Lee Jung A, Park Jong Hyock, Lee Eun Jung, Kim So Young, Kim Yoon, Lee Sang Il
Division of Cancer Policy and Management, National Cancer Control Research Institute, National Cancer Center, 809 Madu 1-dong, Ilsandong-gu, Goyang-si, Gyeonggi-do 410-769, South Korea.
Arch Surg. 2011 Aug;146(8):930-6. doi: 10.1001/archsurg.2011.81. Epub 2011 Apr 18.
To evaluate associations among hospital volume, costs, and length of stay (LOS) and to assess whether reduced hospital cost of care adversely affected quality of care.
Four-year, nationwide, population-based study.
Data were obtained from claims submitted to the South Korean National Health Insurance database.
We identified 48 938 patients at 274 hospitals who had undergone gastric resection from January 1, 2002, through December 31, 2005. Hospital volumes were divided into quartiles.
Patient demographics and socioeconomic and clinical variables were investigated as factors that might affect costs and LOS.
Independent predictors of higher costs and longer LOS included older age, increased Charlson score, and hospitals with fewer beds.

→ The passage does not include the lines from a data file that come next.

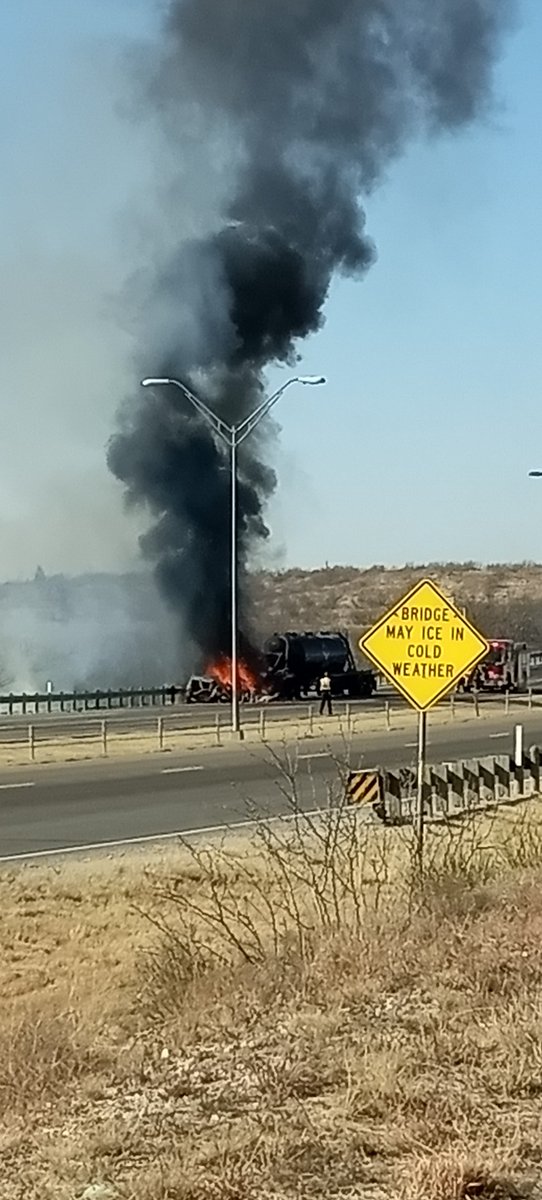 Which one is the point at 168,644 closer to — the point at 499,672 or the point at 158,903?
the point at 499,672

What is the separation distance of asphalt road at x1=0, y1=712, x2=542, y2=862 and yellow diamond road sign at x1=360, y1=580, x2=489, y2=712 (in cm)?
269

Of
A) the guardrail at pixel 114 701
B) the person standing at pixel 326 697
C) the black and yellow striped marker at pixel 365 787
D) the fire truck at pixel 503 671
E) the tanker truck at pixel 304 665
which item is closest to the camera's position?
the black and yellow striped marker at pixel 365 787

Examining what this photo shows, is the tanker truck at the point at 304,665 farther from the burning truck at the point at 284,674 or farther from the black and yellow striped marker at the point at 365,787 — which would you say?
the black and yellow striped marker at the point at 365,787

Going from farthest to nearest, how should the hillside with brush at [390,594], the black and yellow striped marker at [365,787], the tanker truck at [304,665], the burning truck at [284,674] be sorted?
1. the hillside with brush at [390,594]
2. the tanker truck at [304,665]
3. the burning truck at [284,674]
4. the black and yellow striped marker at [365,787]

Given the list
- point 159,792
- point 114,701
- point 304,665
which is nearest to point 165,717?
point 114,701

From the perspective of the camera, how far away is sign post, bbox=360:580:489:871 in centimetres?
1395

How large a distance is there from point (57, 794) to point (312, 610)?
129949mm

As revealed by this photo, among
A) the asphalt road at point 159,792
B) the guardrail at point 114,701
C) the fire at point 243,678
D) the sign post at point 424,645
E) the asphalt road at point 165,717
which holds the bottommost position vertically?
the asphalt road at point 159,792

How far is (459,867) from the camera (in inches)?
454

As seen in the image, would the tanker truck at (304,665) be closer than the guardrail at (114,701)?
No

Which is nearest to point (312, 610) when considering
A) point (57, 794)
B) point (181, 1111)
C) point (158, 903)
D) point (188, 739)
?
point (188, 739)

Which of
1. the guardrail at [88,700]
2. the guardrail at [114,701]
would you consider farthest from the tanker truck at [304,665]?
the guardrail at [88,700]

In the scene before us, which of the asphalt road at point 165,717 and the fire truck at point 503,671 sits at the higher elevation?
the fire truck at point 503,671

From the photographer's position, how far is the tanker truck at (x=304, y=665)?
60875 mm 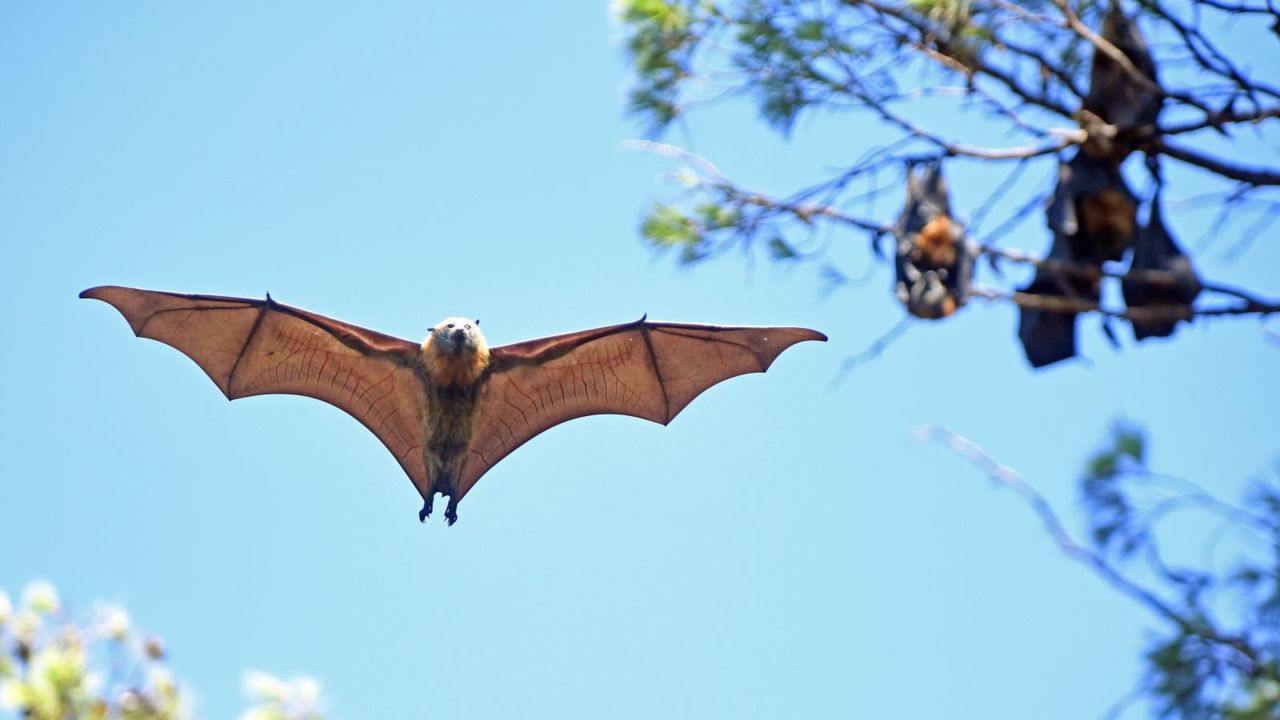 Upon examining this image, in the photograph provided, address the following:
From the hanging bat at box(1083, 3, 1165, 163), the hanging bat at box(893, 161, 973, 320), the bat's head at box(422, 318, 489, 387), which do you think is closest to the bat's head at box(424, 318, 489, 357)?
the bat's head at box(422, 318, 489, 387)

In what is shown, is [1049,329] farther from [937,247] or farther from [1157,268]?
[937,247]

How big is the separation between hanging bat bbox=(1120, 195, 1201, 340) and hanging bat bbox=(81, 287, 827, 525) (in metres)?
4.86

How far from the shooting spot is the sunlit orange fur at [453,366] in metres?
11.4

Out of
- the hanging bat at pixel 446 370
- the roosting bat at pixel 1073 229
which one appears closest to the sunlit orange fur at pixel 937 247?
the roosting bat at pixel 1073 229

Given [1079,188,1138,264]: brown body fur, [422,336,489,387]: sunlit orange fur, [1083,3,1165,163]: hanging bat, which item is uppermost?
[422,336,489,387]: sunlit orange fur

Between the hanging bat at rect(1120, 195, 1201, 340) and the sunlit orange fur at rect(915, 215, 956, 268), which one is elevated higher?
the hanging bat at rect(1120, 195, 1201, 340)

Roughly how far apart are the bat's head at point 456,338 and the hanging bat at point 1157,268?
6.17 metres

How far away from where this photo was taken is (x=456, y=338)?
11.3m

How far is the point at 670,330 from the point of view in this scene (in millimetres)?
11344

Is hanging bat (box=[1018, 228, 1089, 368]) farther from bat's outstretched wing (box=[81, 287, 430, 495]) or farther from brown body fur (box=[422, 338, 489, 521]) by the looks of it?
bat's outstretched wing (box=[81, 287, 430, 495])

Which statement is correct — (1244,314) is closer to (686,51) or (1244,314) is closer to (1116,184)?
(1116,184)

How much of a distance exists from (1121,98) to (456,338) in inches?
258

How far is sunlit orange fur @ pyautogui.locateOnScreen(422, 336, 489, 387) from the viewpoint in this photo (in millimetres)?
11359

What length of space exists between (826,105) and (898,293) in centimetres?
93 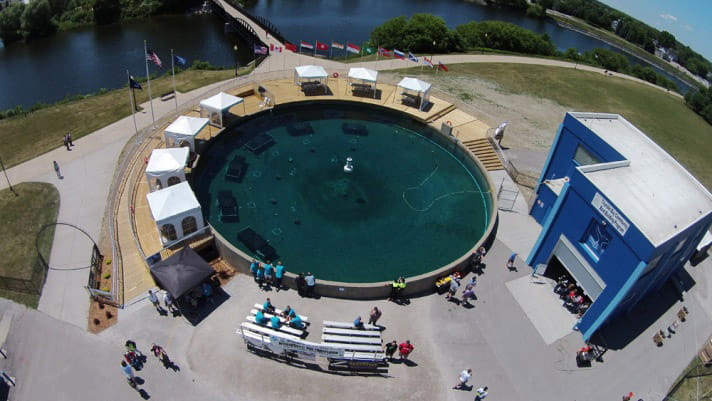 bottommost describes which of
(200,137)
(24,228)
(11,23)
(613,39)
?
(24,228)

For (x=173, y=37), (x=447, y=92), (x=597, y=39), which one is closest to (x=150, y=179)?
(x=447, y=92)

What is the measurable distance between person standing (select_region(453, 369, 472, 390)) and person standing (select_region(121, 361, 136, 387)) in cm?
1464

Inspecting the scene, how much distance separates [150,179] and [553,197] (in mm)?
26573

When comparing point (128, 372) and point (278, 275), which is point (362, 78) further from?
point (128, 372)

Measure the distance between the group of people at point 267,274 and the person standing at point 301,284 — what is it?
38.0 inches

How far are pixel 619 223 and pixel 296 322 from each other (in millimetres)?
16609

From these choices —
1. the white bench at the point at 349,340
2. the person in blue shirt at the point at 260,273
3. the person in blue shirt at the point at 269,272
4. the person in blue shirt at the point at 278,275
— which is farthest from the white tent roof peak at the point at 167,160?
the white bench at the point at 349,340

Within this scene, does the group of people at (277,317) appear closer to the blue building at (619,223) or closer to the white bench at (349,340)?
the white bench at (349,340)

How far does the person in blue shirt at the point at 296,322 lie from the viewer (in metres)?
21.6

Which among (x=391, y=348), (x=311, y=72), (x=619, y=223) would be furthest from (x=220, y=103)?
(x=619, y=223)

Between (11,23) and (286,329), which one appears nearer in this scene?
(286,329)

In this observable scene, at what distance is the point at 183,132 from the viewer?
1222 inches

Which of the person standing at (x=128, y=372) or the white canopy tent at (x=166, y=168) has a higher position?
the white canopy tent at (x=166, y=168)

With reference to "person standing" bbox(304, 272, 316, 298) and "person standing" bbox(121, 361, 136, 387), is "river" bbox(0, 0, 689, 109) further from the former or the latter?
"person standing" bbox(304, 272, 316, 298) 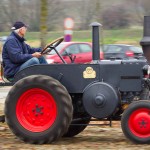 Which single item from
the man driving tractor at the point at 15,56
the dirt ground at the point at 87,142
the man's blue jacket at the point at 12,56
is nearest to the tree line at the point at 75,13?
the dirt ground at the point at 87,142

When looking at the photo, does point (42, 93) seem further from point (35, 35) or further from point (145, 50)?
point (35, 35)

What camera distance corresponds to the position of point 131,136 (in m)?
8.23

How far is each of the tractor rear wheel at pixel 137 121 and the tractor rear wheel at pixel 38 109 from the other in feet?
2.58

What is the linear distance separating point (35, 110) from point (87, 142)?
878 millimetres

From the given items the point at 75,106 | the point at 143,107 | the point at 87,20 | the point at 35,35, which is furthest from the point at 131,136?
the point at 87,20

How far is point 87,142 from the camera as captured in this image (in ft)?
28.5

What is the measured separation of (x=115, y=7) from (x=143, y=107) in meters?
47.9

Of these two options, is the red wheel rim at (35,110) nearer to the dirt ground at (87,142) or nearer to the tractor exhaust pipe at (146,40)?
the dirt ground at (87,142)

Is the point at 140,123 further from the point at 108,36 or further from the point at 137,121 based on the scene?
the point at 108,36

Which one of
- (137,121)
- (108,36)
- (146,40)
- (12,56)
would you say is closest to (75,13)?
(108,36)

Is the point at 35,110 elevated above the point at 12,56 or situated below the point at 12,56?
below

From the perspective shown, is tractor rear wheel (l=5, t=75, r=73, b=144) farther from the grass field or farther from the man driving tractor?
the grass field

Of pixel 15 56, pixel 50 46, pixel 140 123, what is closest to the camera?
pixel 140 123

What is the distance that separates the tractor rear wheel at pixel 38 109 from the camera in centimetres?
833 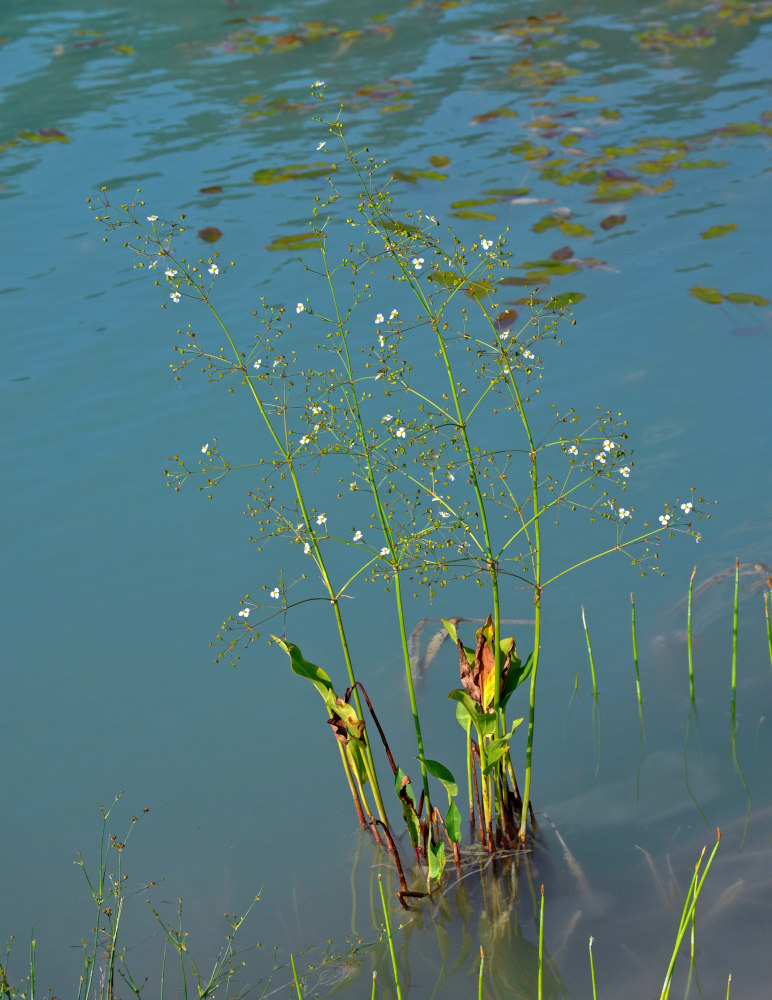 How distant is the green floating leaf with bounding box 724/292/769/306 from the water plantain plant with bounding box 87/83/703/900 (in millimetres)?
676

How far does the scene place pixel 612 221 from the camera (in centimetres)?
479

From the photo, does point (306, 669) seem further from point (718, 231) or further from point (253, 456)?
point (718, 231)

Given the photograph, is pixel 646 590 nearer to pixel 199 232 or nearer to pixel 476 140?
pixel 199 232

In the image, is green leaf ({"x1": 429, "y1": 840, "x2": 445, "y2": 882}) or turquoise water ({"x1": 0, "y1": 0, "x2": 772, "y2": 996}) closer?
green leaf ({"x1": 429, "y1": 840, "x2": 445, "y2": 882})

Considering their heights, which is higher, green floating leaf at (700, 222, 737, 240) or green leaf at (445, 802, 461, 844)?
green floating leaf at (700, 222, 737, 240)

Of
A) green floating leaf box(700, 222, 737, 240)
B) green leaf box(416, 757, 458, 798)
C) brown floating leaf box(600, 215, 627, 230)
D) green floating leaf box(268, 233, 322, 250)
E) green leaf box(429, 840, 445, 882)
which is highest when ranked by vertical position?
green floating leaf box(268, 233, 322, 250)

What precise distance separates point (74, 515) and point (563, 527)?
1.62 metres

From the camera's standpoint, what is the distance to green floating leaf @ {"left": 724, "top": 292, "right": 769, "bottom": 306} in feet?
13.1

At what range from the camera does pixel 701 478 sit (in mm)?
3195

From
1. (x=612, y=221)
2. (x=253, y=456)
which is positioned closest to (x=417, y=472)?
(x=253, y=456)

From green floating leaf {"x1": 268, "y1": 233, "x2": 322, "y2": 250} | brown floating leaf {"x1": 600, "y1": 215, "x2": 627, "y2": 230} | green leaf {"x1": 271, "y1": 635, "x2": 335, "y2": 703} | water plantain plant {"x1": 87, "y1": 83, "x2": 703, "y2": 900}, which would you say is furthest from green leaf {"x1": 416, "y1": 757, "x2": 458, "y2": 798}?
brown floating leaf {"x1": 600, "y1": 215, "x2": 627, "y2": 230}

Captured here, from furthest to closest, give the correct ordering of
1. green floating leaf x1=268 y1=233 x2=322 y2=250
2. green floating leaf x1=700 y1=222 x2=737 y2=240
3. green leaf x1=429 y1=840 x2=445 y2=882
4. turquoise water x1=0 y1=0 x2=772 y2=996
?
green floating leaf x1=268 y1=233 x2=322 y2=250 < green floating leaf x1=700 y1=222 x2=737 y2=240 < turquoise water x1=0 y1=0 x2=772 y2=996 < green leaf x1=429 y1=840 x2=445 y2=882

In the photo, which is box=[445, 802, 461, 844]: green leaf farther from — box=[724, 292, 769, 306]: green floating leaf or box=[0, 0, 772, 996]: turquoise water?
box=[724, 292, 769, 306]: green floating leaf

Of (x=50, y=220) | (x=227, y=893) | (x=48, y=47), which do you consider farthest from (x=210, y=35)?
(x=227, y=893) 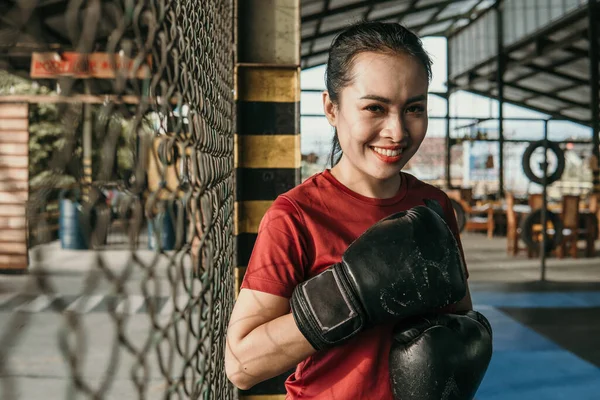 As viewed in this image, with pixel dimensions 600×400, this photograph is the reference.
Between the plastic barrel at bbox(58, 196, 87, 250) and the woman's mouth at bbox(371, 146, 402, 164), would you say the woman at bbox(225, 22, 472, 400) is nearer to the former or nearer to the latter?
the woman's mouth at bbox(371, 146, 402, 164)

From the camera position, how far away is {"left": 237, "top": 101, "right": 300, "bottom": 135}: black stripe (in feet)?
6.05

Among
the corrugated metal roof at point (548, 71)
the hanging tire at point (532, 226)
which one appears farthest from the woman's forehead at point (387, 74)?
the corrugated metal roof at point (548, 71)

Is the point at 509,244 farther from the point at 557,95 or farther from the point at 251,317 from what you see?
the point at 557,95

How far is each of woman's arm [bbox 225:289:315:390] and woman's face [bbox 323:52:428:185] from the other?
297 millimetres

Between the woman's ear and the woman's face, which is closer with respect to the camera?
the woman's face

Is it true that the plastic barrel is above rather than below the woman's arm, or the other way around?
above

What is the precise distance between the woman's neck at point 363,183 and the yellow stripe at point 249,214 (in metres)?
0.86

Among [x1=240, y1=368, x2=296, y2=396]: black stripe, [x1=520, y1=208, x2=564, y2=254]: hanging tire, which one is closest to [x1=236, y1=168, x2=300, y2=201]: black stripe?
[x1=240, y1=368, x2=296, y2=396]: black stripe

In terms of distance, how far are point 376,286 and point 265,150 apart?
1.14m

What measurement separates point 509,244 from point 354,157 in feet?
22.5

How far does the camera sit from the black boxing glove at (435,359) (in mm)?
842

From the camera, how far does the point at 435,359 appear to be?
845 millimetres

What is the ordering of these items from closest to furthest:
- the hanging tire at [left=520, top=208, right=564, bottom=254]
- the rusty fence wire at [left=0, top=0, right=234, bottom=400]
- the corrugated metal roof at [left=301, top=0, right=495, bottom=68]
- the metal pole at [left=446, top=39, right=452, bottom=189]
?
the rusty fence wire at [left=0, top=0, right=234, bottom=400] < the hanging tire at [left=520, top=208, right=564, bottom=254] < the corrugated metal roof at [left=301, top=0, right=495, bottom=68] < the metal pole at [left=446, top=39, right=452, bottom=189]

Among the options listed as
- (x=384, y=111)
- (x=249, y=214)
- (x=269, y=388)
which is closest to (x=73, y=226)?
(x=384, y=111) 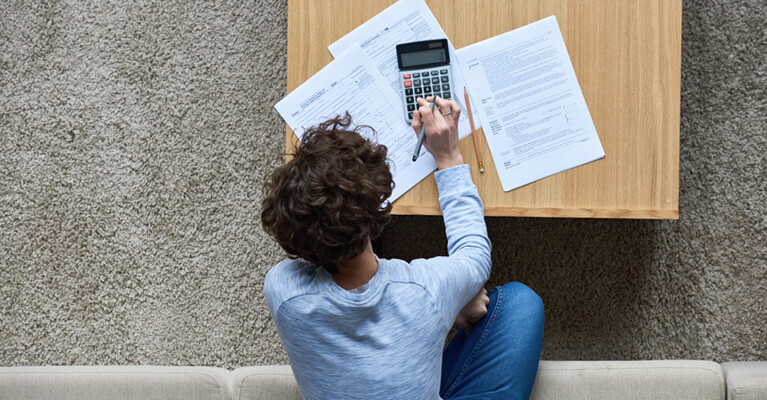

After adjusting for relevant factors, an inverse relationship between volume and costs or LOS was found such that higher-volume hospitals had the lowest procedure costs and LOS. Results showed no association between hospital cost and quality of care.
Higher hospital volume is predictive of lower costs and LOS for patients undergoing gastric resection. By referring these patients to high-volume centers, we may improve quality of care and reduce costs. Furthermore, high-quality care can be maintained when costs are lowered due to high volume.
评估医院规模、成本和住院时间(LOS)之间的关联,并评估医院护理成本降低是否会对护理质量产生不利影响。
为期四年的全国性基于人群的研究。
数据来自提交给韩国国民健康保险数据库的理赔申请。
我们确定了2002年1月1日至2005年12月31日期间在274家医院接受胃切除术的48938名患者。医院规模分为四分位数。
调查患者人口统计学、社会经济和临床变量,作为可能影响成本和住院时间的因素。
成本较高和住院时间较长的独立预测因素包括年龄较大、查尔森评分增加以及床位较少的医院。在对相关因素进行调整后,发现规模与成本或住院时间之间存在负相关关系,即规模较大的医院手术成本和住院时间最低。结果显示医院成本与护理质量之间无关联。
对于接受胃切除术的患者,医院规模较大预示着成本较低和住院时间较短。通过将这些患者转诊至规模较大的中心,我们可以提高护理质量并降低成本。此外,当由于规模较大而降低成本时,仍可维持高质量护理。